**Your goal:** From first line to last, transcribe the listing exactly and skip any image.
--- Exercise data Enclosed Below ---
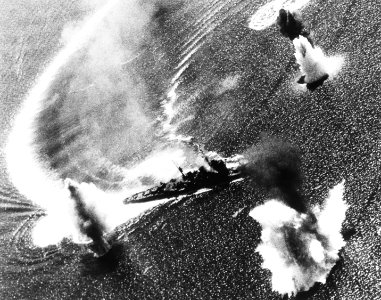 Japanese cruiser Nachi maneuvering under air attack in Manila Bay, Philippines, on 5 November 1944 (80-G-287018)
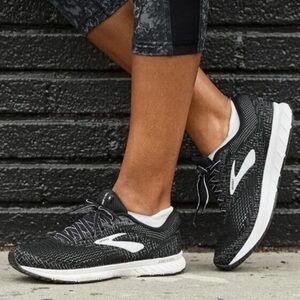 Brooks Revel 3 Running Walking Activewear Athletic Sneakers Black Womens Size 7
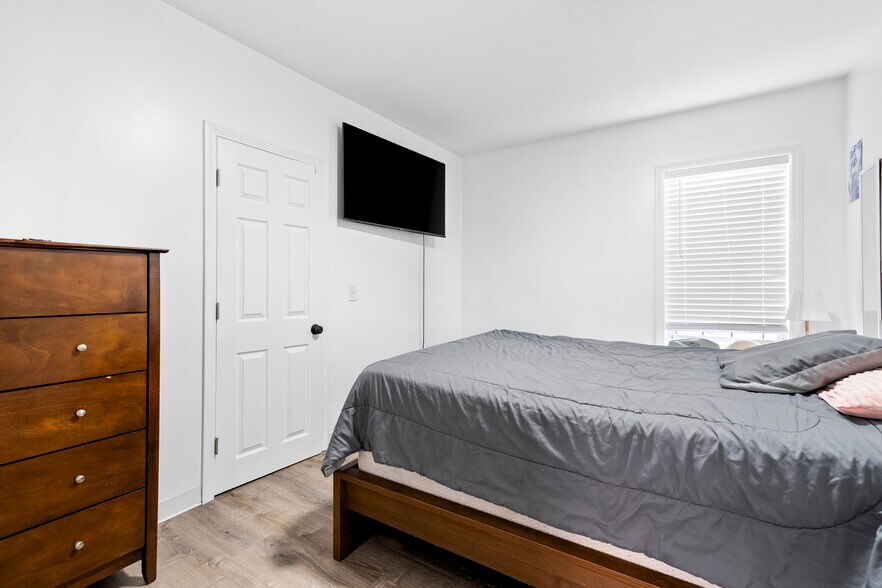 More Photos Of 116 Foundry St, Central Falls Apartments For Sale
--- End of Enclosed Exercise data ---
**Answer to the exercise:**
 Japanese cruiser Nachi maneuvering under air attack in Manila Bay, Philippines, on 5 November 1944 (80-G-287018)
 Brooks Revel 3 Running Walking Activewear Athletic Sneakers Black Womens Size 7
 More Photos Of 116 Foundry St, Central Falls Apartments For Sale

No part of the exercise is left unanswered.